Several respondents suggested that there is a need to specify a clear purpose and set of objectives for the model, and for individual hub/clusters. This included some reference to previous experience having highlighted the importance of a clear objective to activity, and to enable partners to see the value of the model.

A STEM industry respondent noted the importance of implementation proceeding rapidly, reflecting a view that there is a pressing need for the resource.

Finally, respondents raised a range of more specific points on the detail of the model. This included some difference of views on how to balance the regional focus of partnerships, and a nationally coordinated approach. A number of respondents, across various respondent types, agreed with a regional approach to encourage key players to work together and coordinate initiatives with a focus on learner pathways and career choices. This included recommendations that a "bottom-up" approach is needed that recognises that different approaches may be required across the country. However, others noted that there needs to be a consistent national approach to STEM education and training, within which regional approaches can sit. This was highlighted as particularly important in the context of ensuring better connected approaches and minimising duplication.
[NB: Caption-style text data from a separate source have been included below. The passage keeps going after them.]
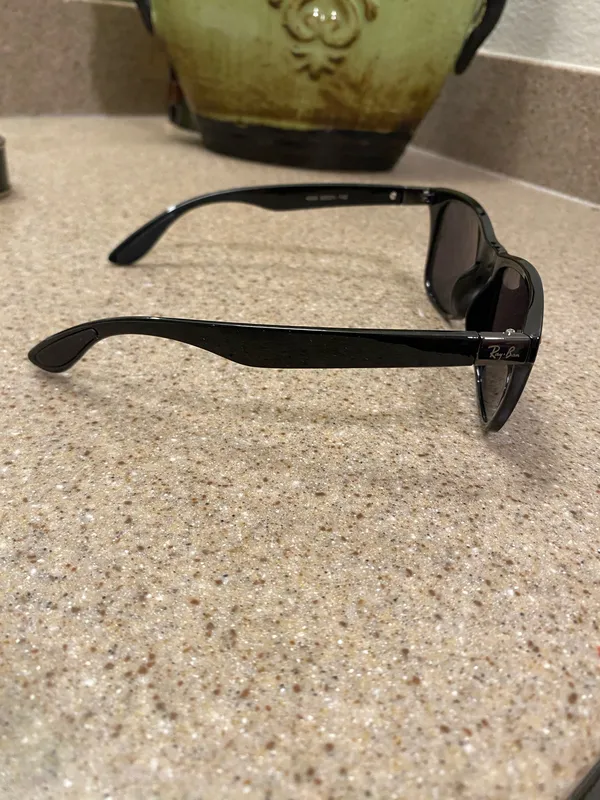 Ray-Ban Sunglasses Polarized - Image 4
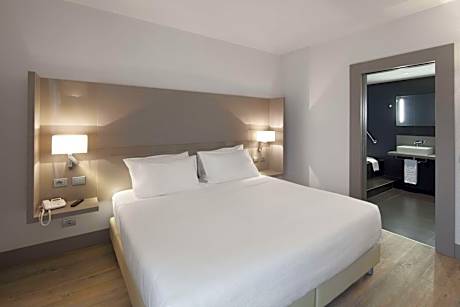 Junior Suite with Extra Bed (2 Adults + 1 Child)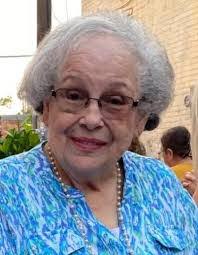 Iris Reilly's Instagram, Twitter & Facebook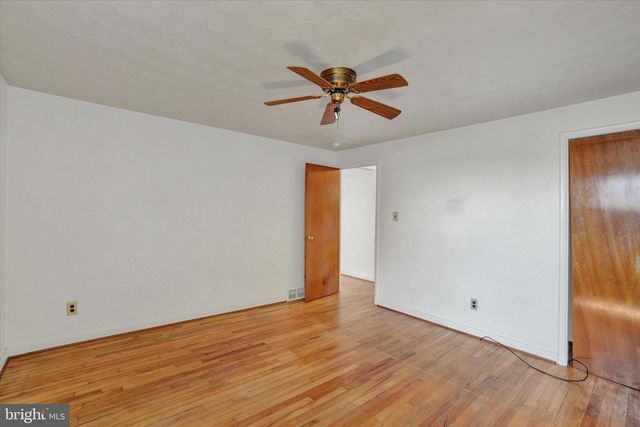 130 KNOLL LANE, York, PA 17406
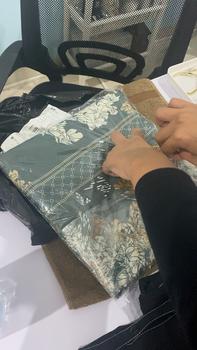 Product Review of ￼Mukena Sofia Series | Mukena Traveling Medium Pouch Motif | Mukena 2in1 Motif Resleting Dagu from I**a 0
Also in relation to balancing the regional and national view, a science engagement respondent cautioned that the focus on a local or regional STEM industry should not occlude the wider (including international) opportunities that may be available to those engaged with STEM.

In addition to these issues, respondents also made a range of specific recommendations for the model for collaboration:

  • The most common points raised by respondents related to existing partnerships or networks that could make a contribution to the model - or potentially for the basis of the model. This included reference to Developing the Young Workforce groups, Scottish Schools Education Research Centre ( SSERC), Science Centres, other centres or hubs with a STEM education focus, the STEM Ambassadors programme, STEM Insight Initiative, and Teacher Education Partnerships.
  • Several respondents expressed strong support for improving and expanding engagement with employers - although this included suggestions that work is needed to reach out to employers who are not currently engaged. Specific suggestions included setting up "Peer Networks" to which STEM industry can be invited, and developing clusters where schools and employers can work together. A proposal for an employer portal to support engagement with STEM provision was also suggested.
  • Respondents highlighted a range of specific groups who they wished to see included within the scope of the collaborative model. These included means of including pupils and their families early years providers, representative bodies and trade associations, economic development organisations, community learning providers, training providers, and the third sector.
  • Several respondents referred to a need to identify lead staff for key partners within each partnership - including for example from each school, university and college, and a leading industry STEM Ambassador.
  • The need for physical classroom and laboratory facilities for each partnership was also highlighted - to act as a base for activities delivered through the partnership, and to provide schools with access to facilities that they may not have.
  • Several respondents suggested that there is a need for a central online hub and information source to bring together available resources and information on engagement activity. This included a specific proposal for an employer portal to support ease of access to STEM provision.